Busiest year ever for Australian airspace

Australia experienced its busiest ever year in domestic aviation in 2010, Transport Minister Anthony Albanese said Wednesday as he again warned that pressures on Sydney airport were rising.

Speaking at an industry function, the minister said domestic flights had risen seven percent on 2009 while international passenger numbers rose to a record 26.8 million travellers - an increase of close to 10 percent.

"Domestically, the skies over Australia last year were the busiest they've ever been with just short of 54 million passengers taking almost 600,000 flights," Albanese said.

"Every way you look at it, 2010 was a record breaker for passenger kilometres travelled, for seat capacity and the number of aircraft trips."
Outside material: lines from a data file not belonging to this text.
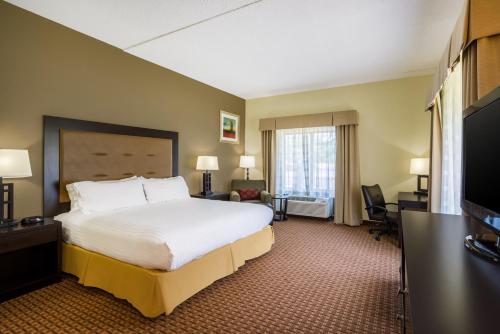 Holiday Inn Express Hotel & Suites-North East, an IHG Hotel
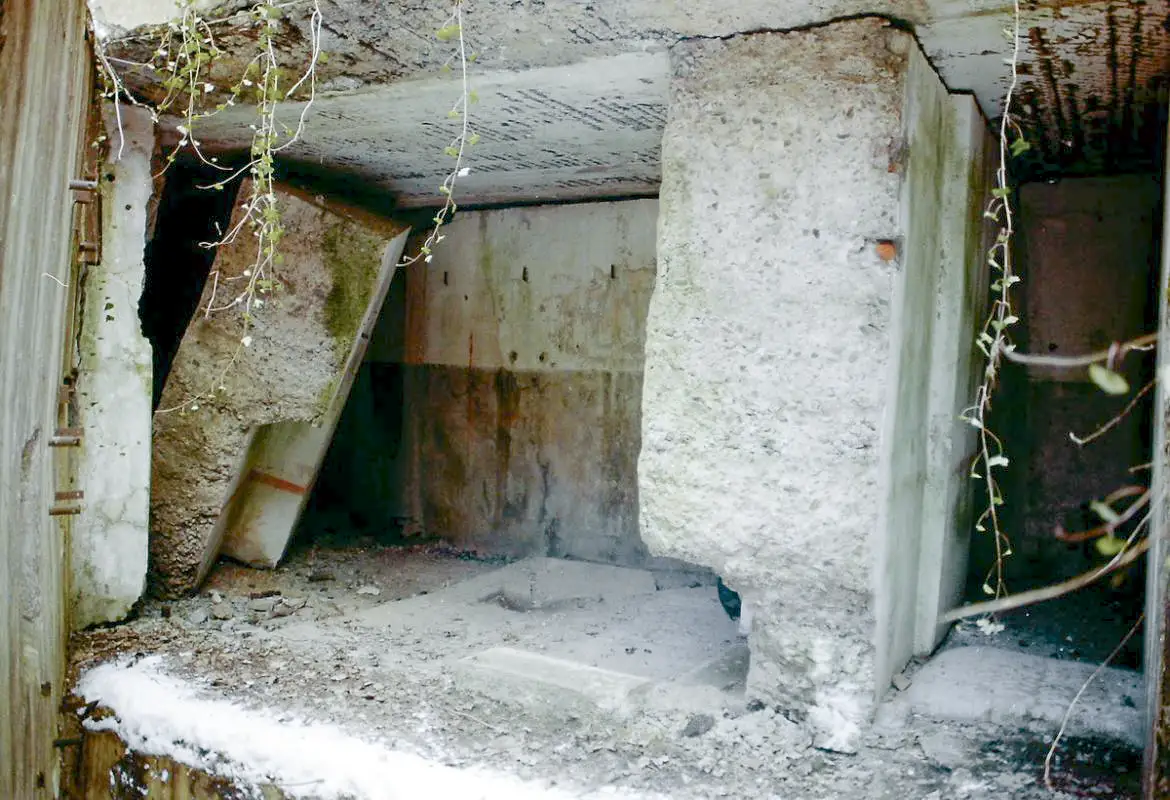 Ligne Maginot - FORT DE ROPPE - (Position d'artillerie préparée) - Le coffre original du Saillant 4 détruit par l'explosion de 1932.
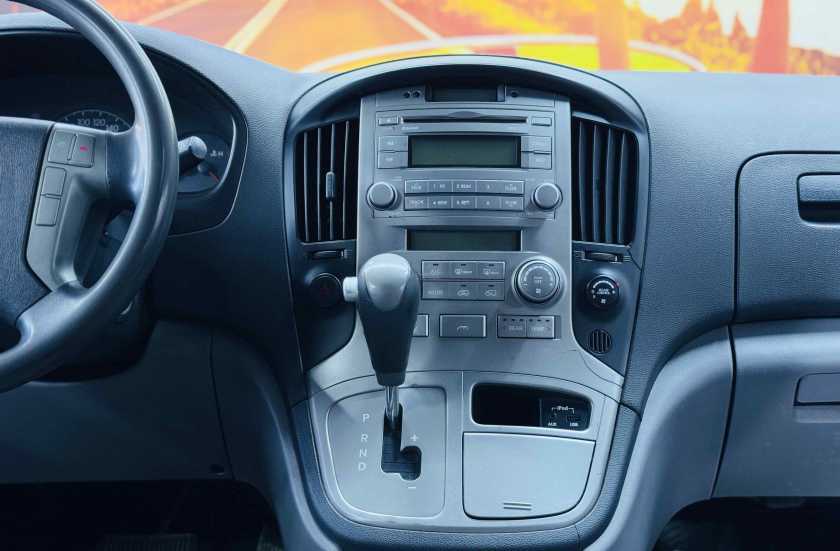 Hyundai Grand Starex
Albanese said the Bureau of Infrastructure, Transport and Regional Economics figures compared favourably with data from the rest of the developed world, thanks in part to Canberra's financial crisis stimulus package.
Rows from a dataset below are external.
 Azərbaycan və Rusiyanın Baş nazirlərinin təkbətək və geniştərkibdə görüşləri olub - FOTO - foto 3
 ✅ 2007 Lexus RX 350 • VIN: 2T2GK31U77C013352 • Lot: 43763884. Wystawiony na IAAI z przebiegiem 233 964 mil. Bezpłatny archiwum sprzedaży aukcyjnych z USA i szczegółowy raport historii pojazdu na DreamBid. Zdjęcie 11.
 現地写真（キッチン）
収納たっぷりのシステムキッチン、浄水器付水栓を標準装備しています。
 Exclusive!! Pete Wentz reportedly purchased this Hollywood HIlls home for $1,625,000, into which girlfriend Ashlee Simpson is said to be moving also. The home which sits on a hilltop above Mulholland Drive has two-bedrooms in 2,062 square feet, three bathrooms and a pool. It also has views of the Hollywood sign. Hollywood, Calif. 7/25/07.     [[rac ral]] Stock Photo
"The popularity of air travel among Australians during the worst downturn since the Great Depression is testament to the resilience of our aviation industry," he added.

The minister said the aviation sector was, however, facing challenges presented by unprecedented globalisation, fluctuating fuel prices and the damaging impact of the strong Australian dollar on inbound tourism.

Albanese said Sydney airport - which handles about 40 percent of all international flights and sees about 130 million passengers flow through it each year - was under increasing pressure.

The Australian government is working with the New South Wales state administration to identify a location for a second airport in the city.

Albanese said Sydney's passenger numbers were expected to double over the next 20 years.

"Something has got to give, or the Australian economy will suffer," he said.

"Business will go elsewhere if they can't get into Sydney. Tourists will choose other destinations. We will see lost productivity as delays build and demand cannot be met."